All the elements that eventually accreted from this soup-mix of stardust, formed the earth and everything else, such as the iron in our blood or the calcium in our bones, including all the other elements that make up our bodies. The atoms that make up these elements are the very same ones that came out of the process of the big-bang. Our bodies are literally made of material that’s as old as the universe itself. We, and all living things on Planet Earth are quite literally, children of the stars. The atoms and elements in our right hand may have come from different stars than the atoms and elements in our left hand.
One of the most interesting phenomenon’s in all of nature, is that of time itself. Time is what allows everything in the universe to interact. Without time, there could be no movement. Not even light would be able to propagate across the cosmos. Time is a kind of governor; it keeps everything from happening all at once. It’s a spatial-lubricant whose flow can be altered when in the presence of gravity and velocity. It has been proven, both mathematically and physically, that velocity and gravity will slow time when they are increased.
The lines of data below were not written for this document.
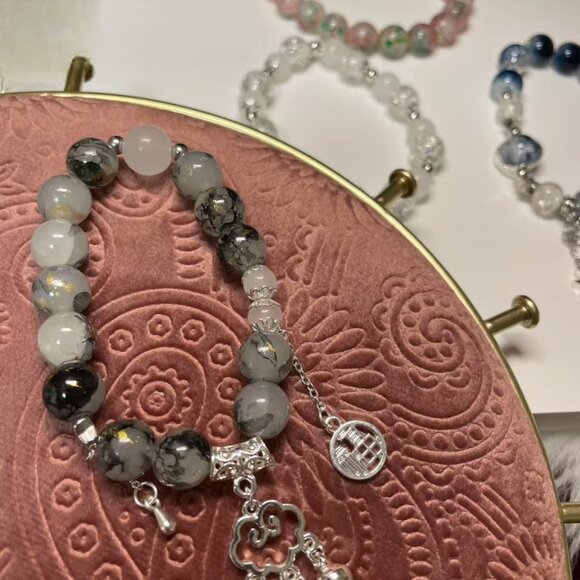 Multicolor Bead Bracelet - Picture 10 of 13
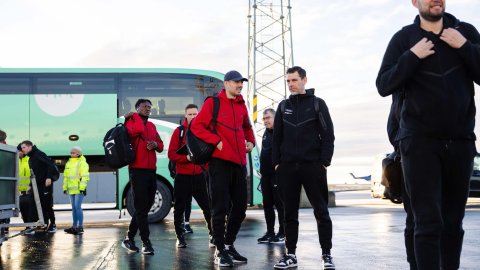 Her er troppen som reiser til Hellas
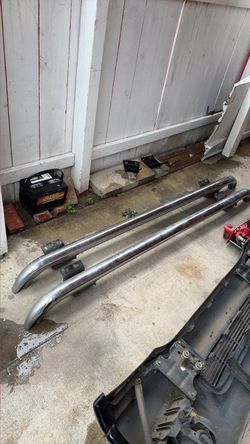 2003 Ford F-150 Harley Davidson  Both oem side step chrome bars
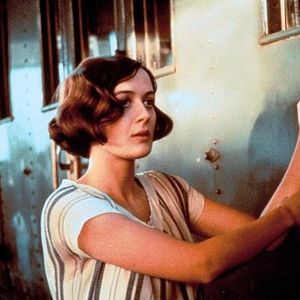 Foto Eine blassblaue Frauenschrift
So, this ‘governor’ can be manipulated under certain conditions, but is most noticeable when approaching the velocity of light; sometimes known simply as ‘c’.
Time passes slightly ‘faster’ on GPS satellites, as compared to time here on the planet. This is because the satellites are in much less of a gravitational field, than when they were sitting on the launch pad, and this counteracts any effects from the velocity increase, for maintaining a geostationary orbit.
Conversely, time passes minutely ‘slower’ for the astronauts on the international space station, when compared to an earthly clock. This is because, while they are in much less gravity, the stations tremendous velocity of over 17,000-mph, overrules the micro-gravity; and the time dilation swings in the opposite direction.
Without correction of this time-dilation, our GPS system would be useless. We would be instructed to make turns too early, because the space clock was running a tiny bit faster than earth-bound clocks.
Using a more robust time-dilation, let’s say that you wanted to time-travel into the future. Simply, get into a really fast spaceship, and travel close to the speed of light for about 3½ years by the ships clock, then turn around and come back at the same velocity. When you arrive home, a little over 500-years would have passed for everybody there, while you would have aged only about 7-years. That’s roughly five-minutes, for each of their full days!
At the speed of light, or inside the event horizon of a black hole, it’s theorized that the time-dilation is so severe, as to cause time to stop altogether.
Now, as for the chicken and egg paradox.... please ponder this:
“There was once a young chicken named Bright, who could lay eggs faster than light. She laid some one day in a relative way, and they hatched the previous night!” Three cheers for time! May we never run out of it!